Problem requirements
Locate "Sweater Cropped Hoodies" in the data below, then output the line it is on and all following lines through the last, word for word. Skip any pictures.

The data

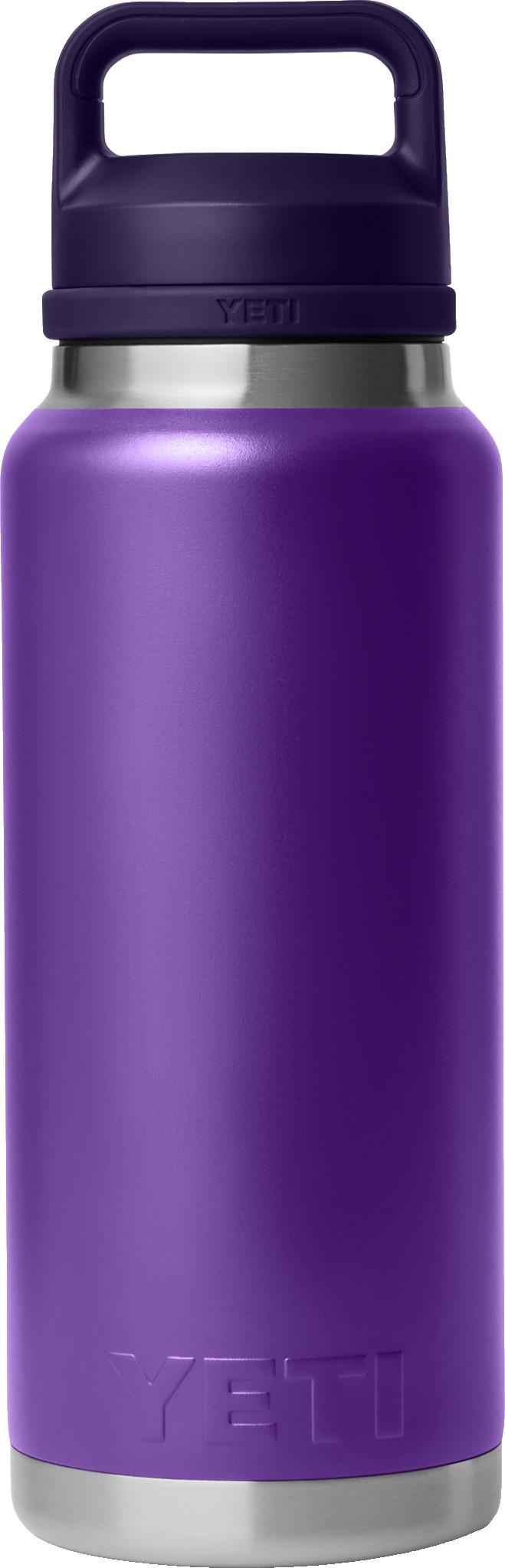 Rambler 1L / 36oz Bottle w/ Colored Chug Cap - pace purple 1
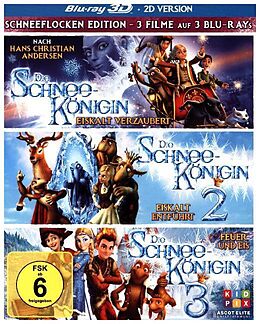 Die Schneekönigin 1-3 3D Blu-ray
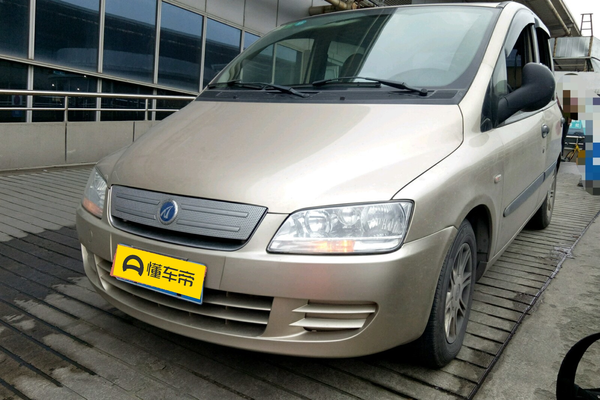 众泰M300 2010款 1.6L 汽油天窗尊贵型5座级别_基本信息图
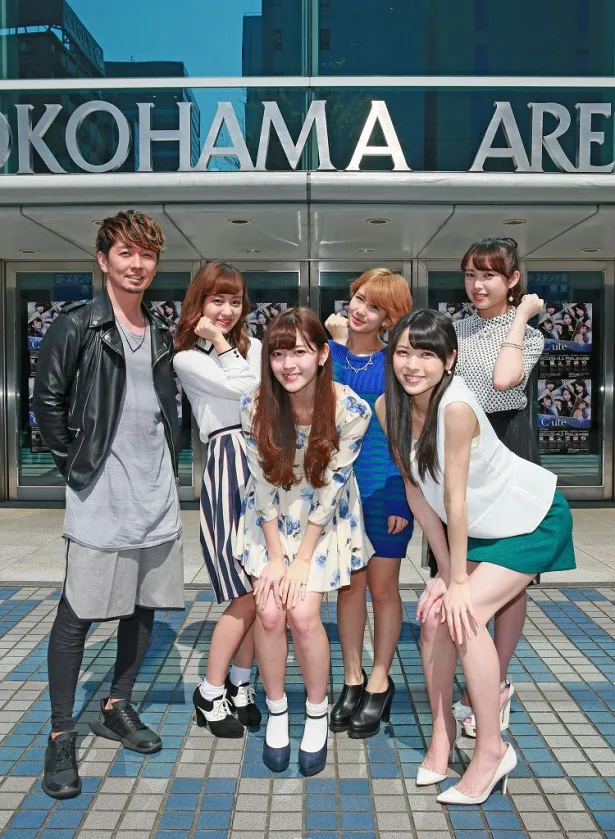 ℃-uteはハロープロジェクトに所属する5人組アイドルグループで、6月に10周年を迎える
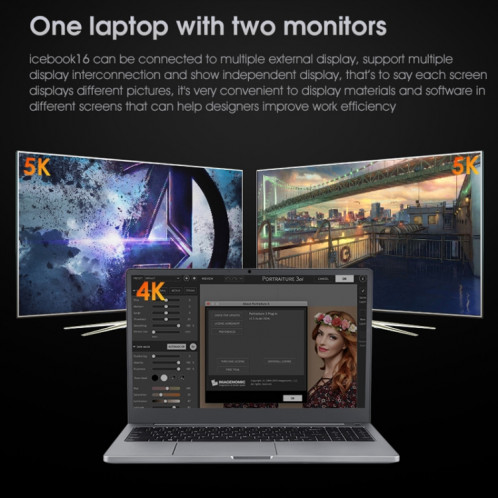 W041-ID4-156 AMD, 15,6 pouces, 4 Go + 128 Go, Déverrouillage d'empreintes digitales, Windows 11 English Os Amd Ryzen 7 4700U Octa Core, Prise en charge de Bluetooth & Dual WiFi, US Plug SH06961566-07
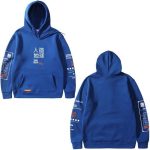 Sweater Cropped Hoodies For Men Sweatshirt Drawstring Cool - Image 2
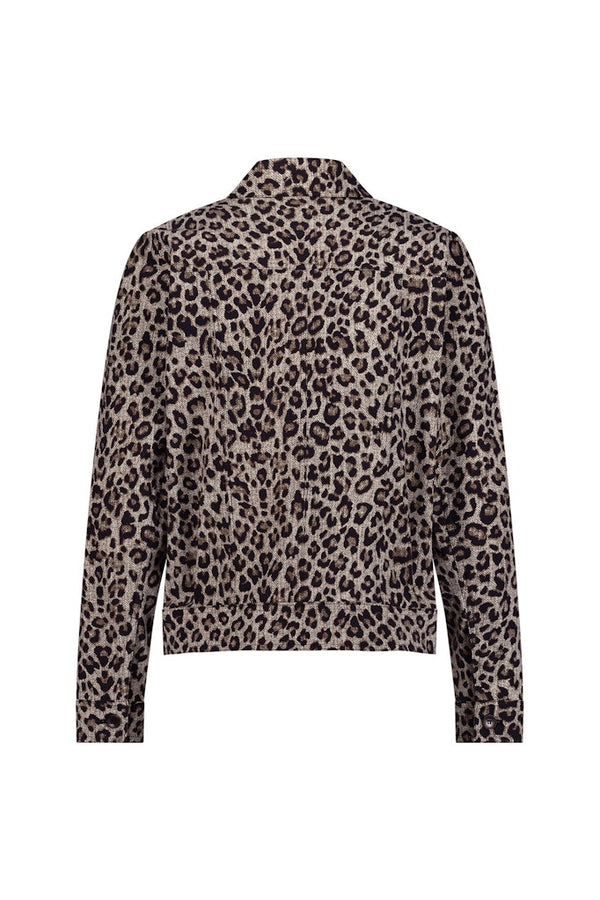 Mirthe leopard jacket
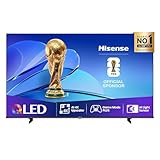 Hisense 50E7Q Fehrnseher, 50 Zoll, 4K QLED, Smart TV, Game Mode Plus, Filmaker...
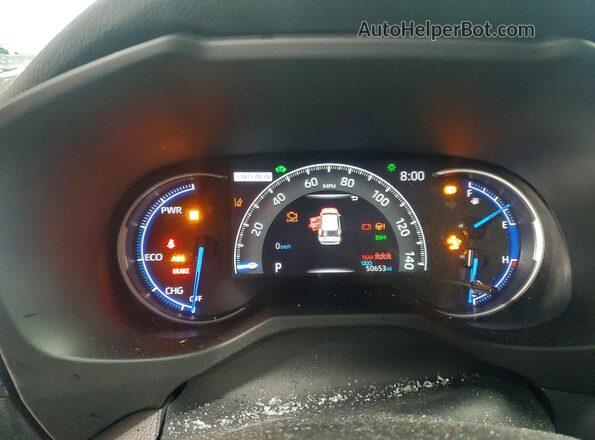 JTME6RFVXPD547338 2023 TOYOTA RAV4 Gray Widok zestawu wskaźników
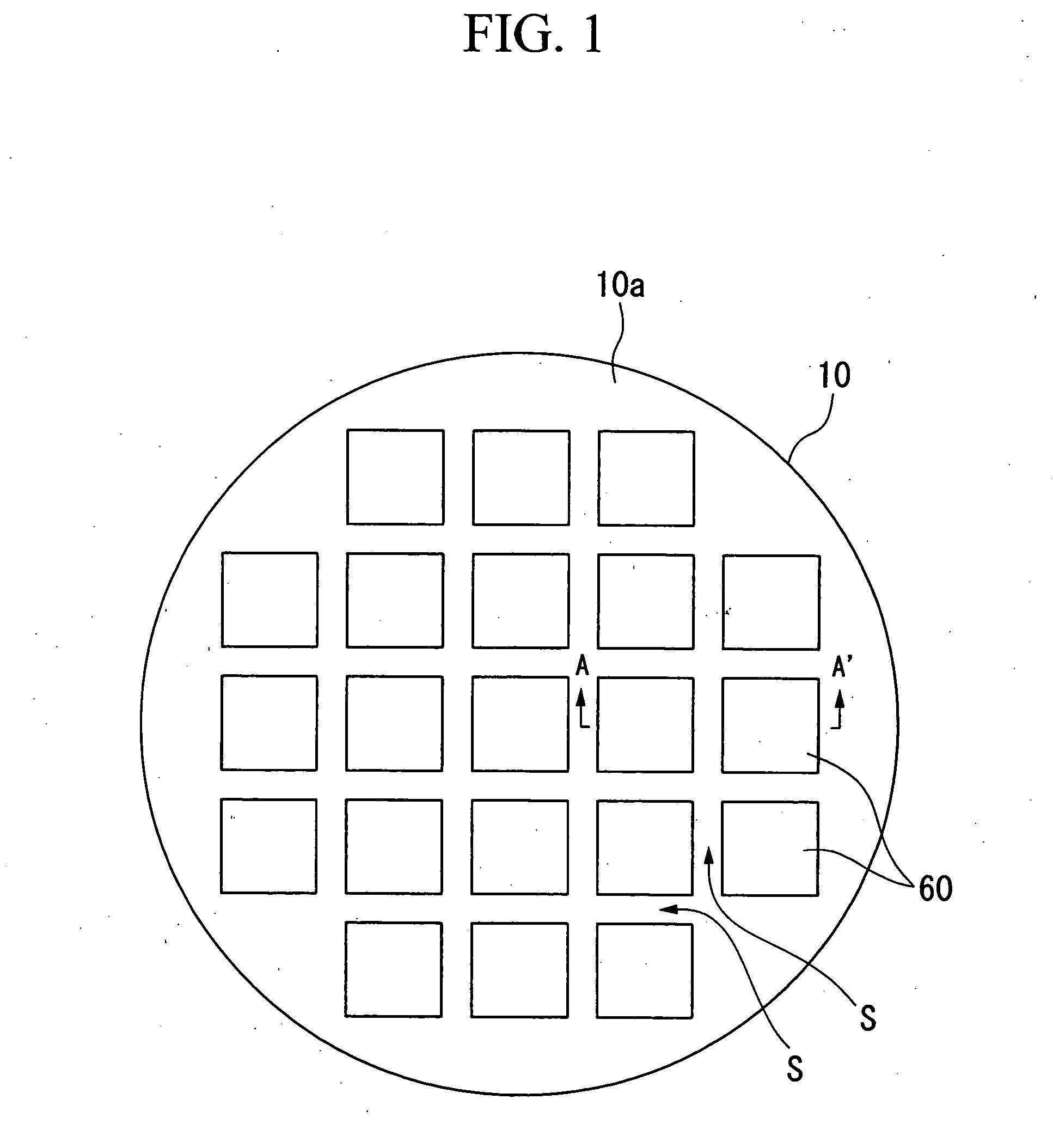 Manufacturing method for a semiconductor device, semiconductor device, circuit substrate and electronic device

Exercise answer
 Sweater Cropped Hoodies For Men Sweatshirt Drawstring Cool - Image 2
 Mirthe leopard jacket
 Hisense 50E7Q Fehrnseher, 50 Zoll, 4K QLED, Smart TV, Game Mode Plus, Filmaker...
 JTME6RFVXPD547338 2023 TOYOTA RAV4 Gray Widok zestawu wskaźników
 Manufacturing method for a semiconductor device, semiconductor device, circuit substrate and electronic device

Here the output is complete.